'Virtually extinct' eagle owl is back in Flanders

The good folk of Leuven have something new to marvel at.  In recent days a male eagle owl has been sighted across the city, even in the busiest parts.  Eagle owls were virtually extinct in Flanders, but during the past decade and a half have steadily been gaining ground. Now the owl has been seen together with a mate!

Eagle owls occur in the wild but can also be legally kept in captivity.  Twitchers will be keen to discuss the provenance of any eagle owl sighted.
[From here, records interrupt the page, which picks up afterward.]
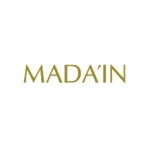 Mada'in Properties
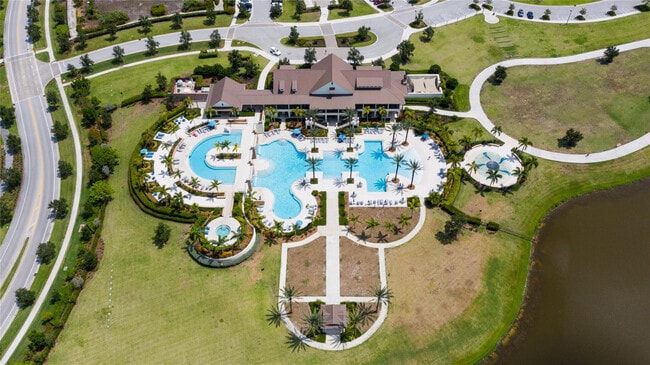 Building Photo - 1313 Haywagon Tr.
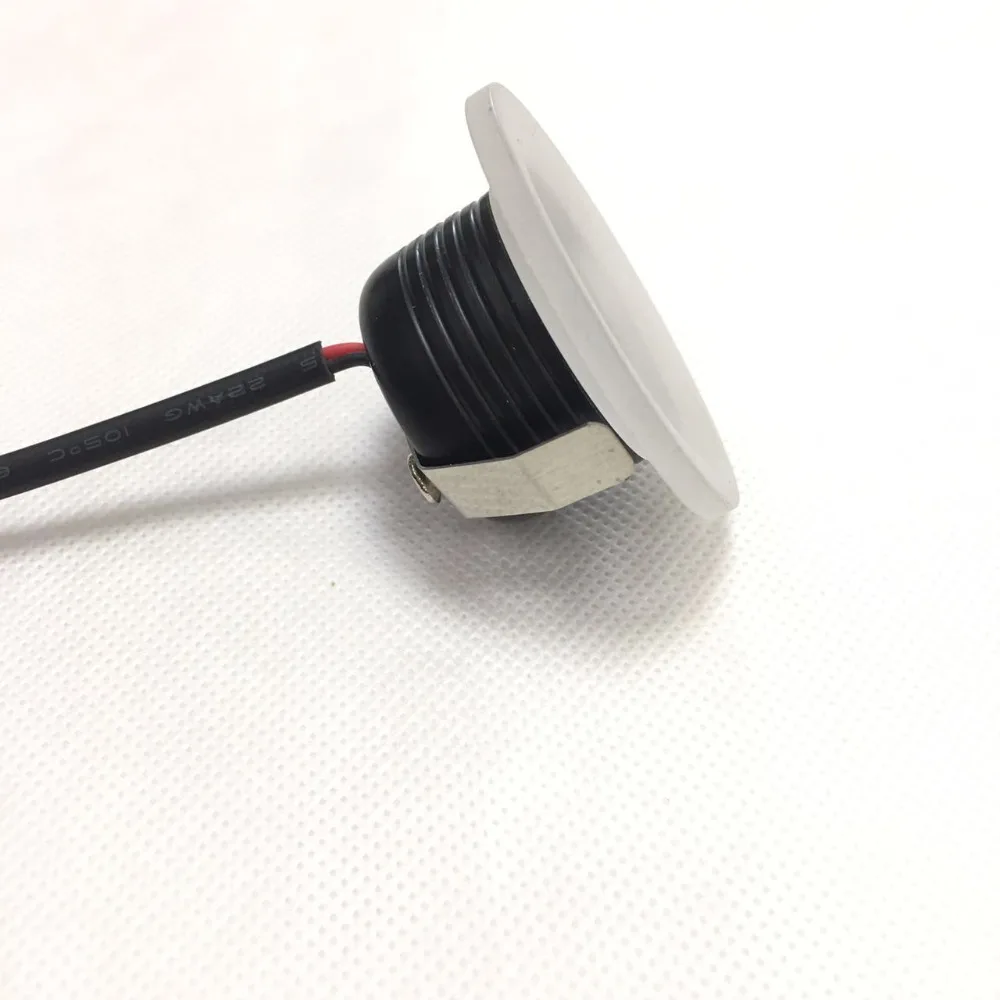 微信图片_201911200918171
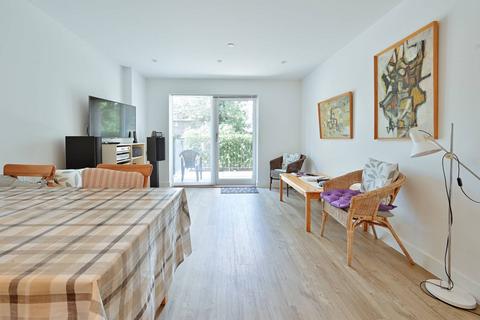 undefined, Caesar House, Dacorum Way, Hemel Hempstead, HP1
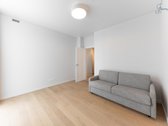 Parduodamas erdvus 65 m² butas vienoje - nuotraukos Nr. 8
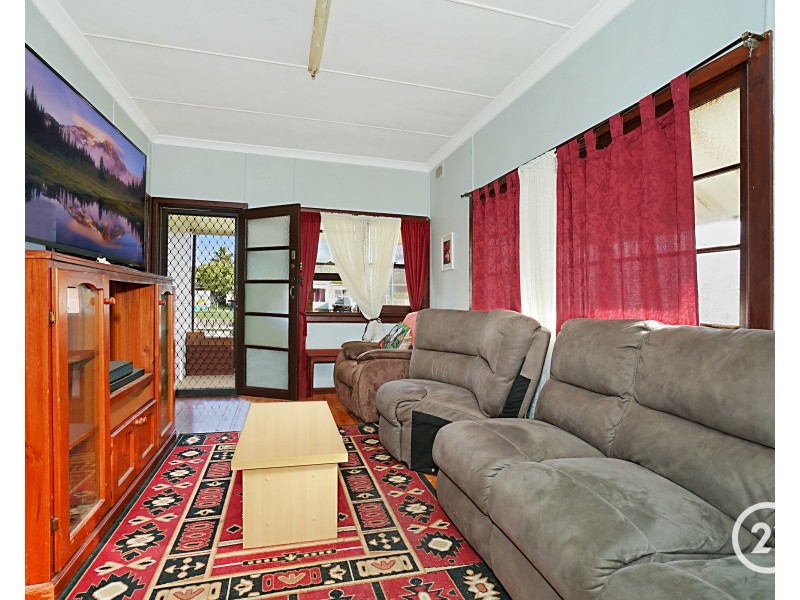 80 Elsiemer Street, Long Jetty NSW 2261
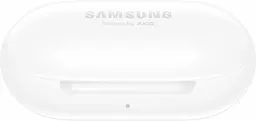 Навушники Samsung Galaxy Buds+ White (SM-R175NZWASEK) - мініатюра 7
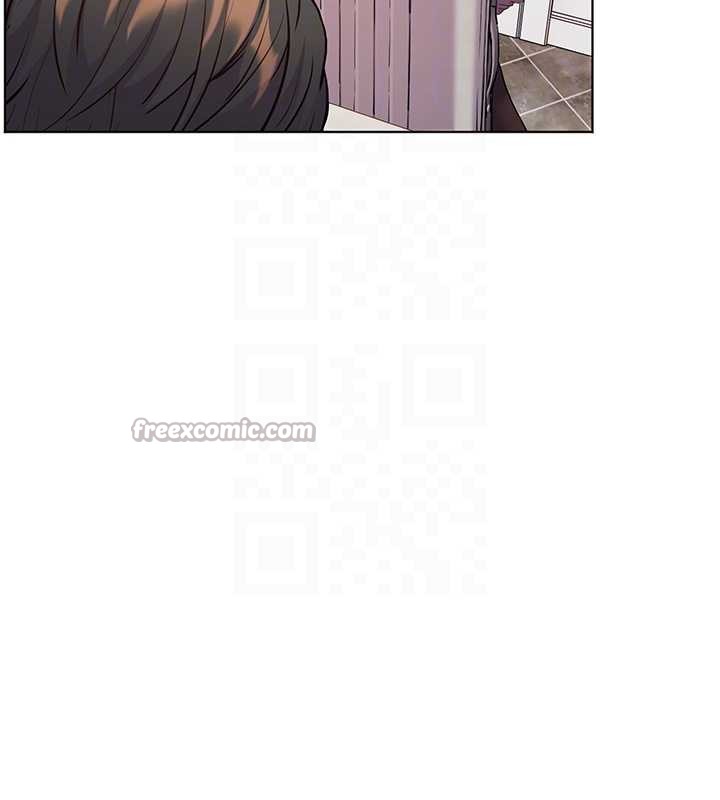 老师的亲密指导第90話-與潑辣女的秘密約會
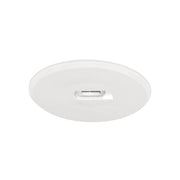 Juno TL43 Miniature Surface Monopoint Adapter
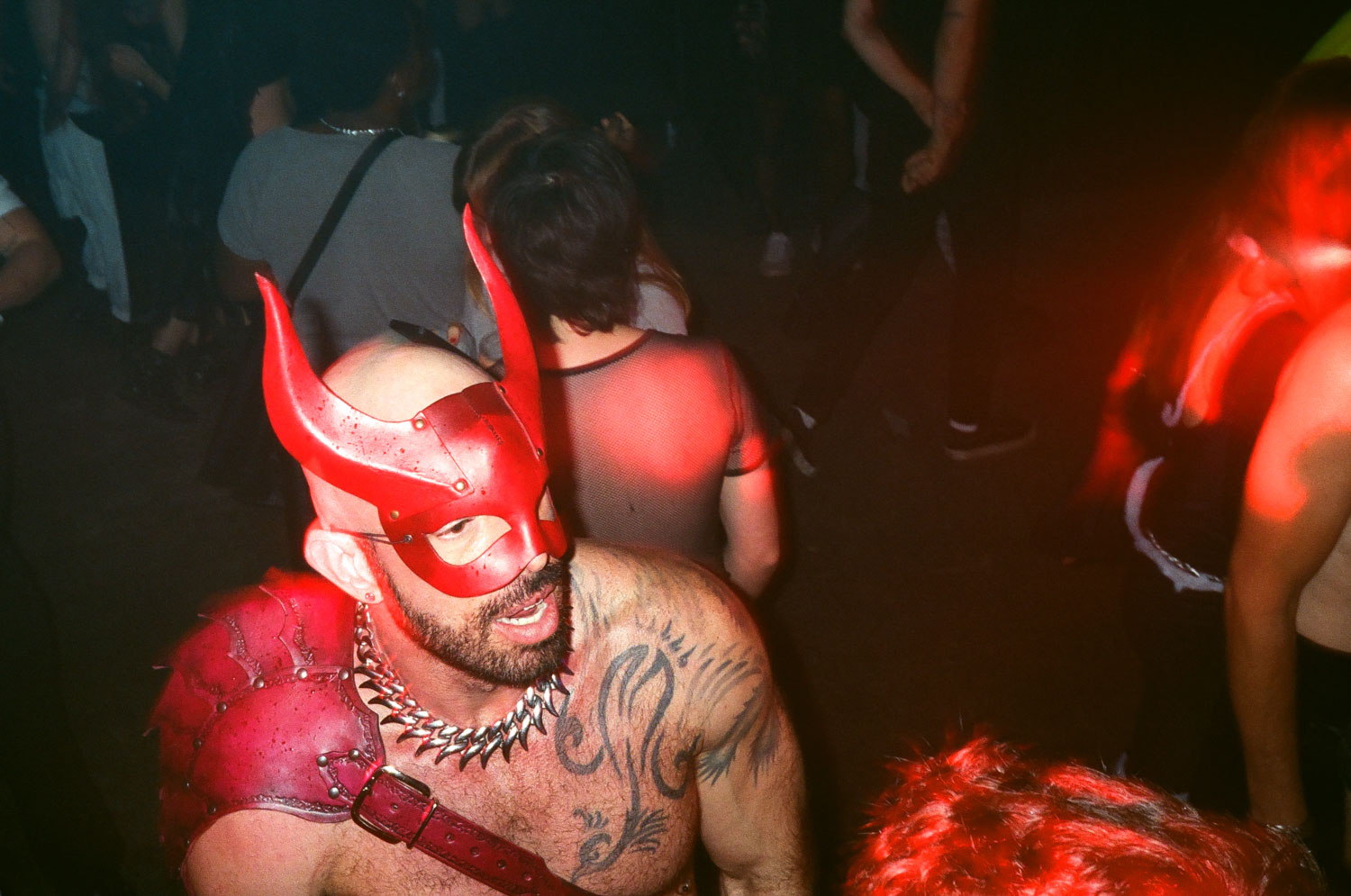 Howl_Rave_21_byGrimsby_2025-10-31_-_Howloween_100_se3nln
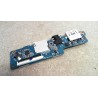 5C50R61312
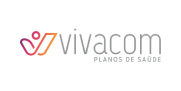 vivacom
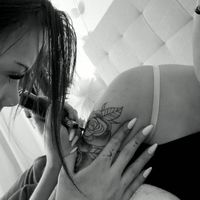 bella_gunnarsson0708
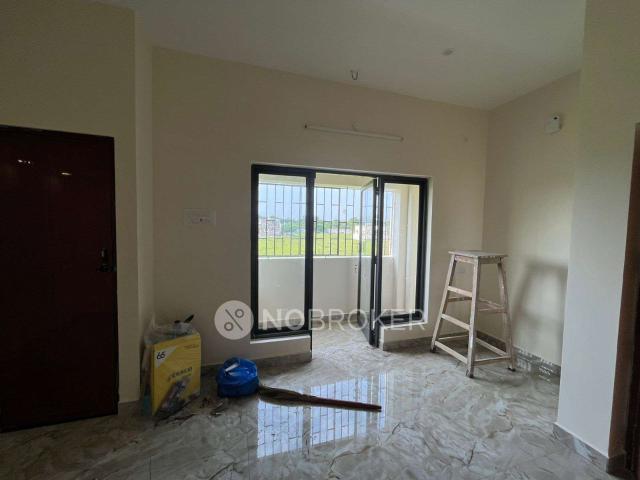 House for sale in Pothur, Thiruvallur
Sometimes they have escaped from captivity but explains bird expert Gerald Driessens they are quickly assimilated by populations in the wild.

“When an eagle owl is seen in the city centre, it’s quite likely it escaped! In the wild they occur in areas with a lot of woodland”.
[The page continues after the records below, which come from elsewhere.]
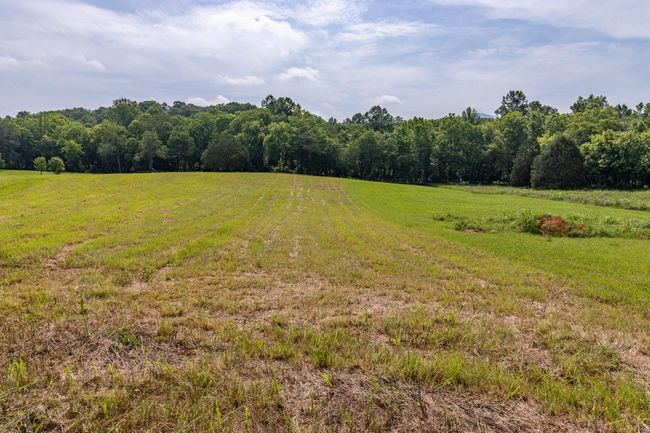 45 Dry Branch Way, Home with 0 bedrooms, 0 bathrooms and null parking in Dunlap TN | Image 12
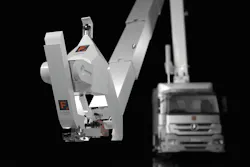 hadrian x fastbrick robot used for construction, and potentially, remodeling hadrian x fastbrick robot used for construction, and potentially, remodeling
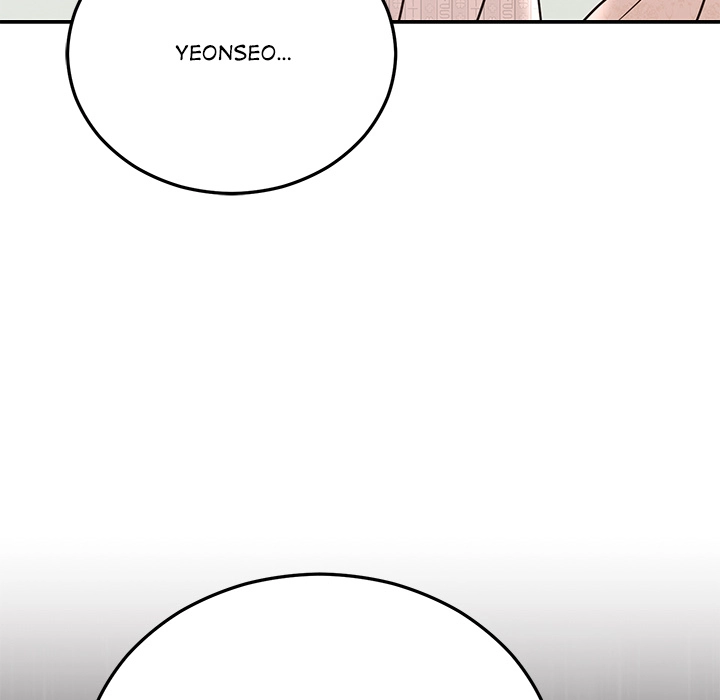 Marriage Chains Chapter 27 page 168 - 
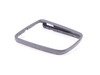 ES#84973 - 51168029243 - SUPPORTING RING - Genuine BMW - BMW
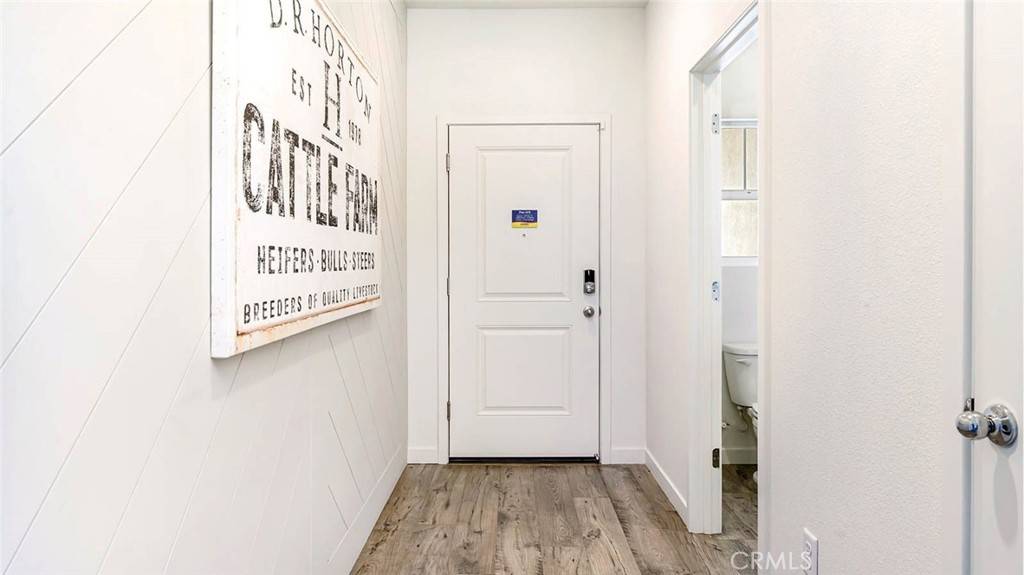 Chico, CA 95928,766 Pico PL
Somebody’s claimed the bird’s been fitted out with a leather strap, but this hasn’t yet been confirmed. Amateur ornithologist Jogchum Vrielink says the behaviour of the birds suggests they could belong in the wild.  “None of the birds’ flight feathers are damaged as often happens in captivity” says Vrielink.

According to Driessens Flanders today boasts up to 50 breeding pairs.  “It’s probably an underestimate.  The eagle owl is thriving in Antwerp Province, in Limburg, even in Flemish Brabant, though there are hardly any breeding pairs in East and West Flanders”.

The return of the eagle owl is being linked to the thriving of its prey: martens and fox cubs.  The birds also enjoy greater protection.  Hunting, poaching and pesticides like DDT are banned allowing the bird greater opportunities in the wild.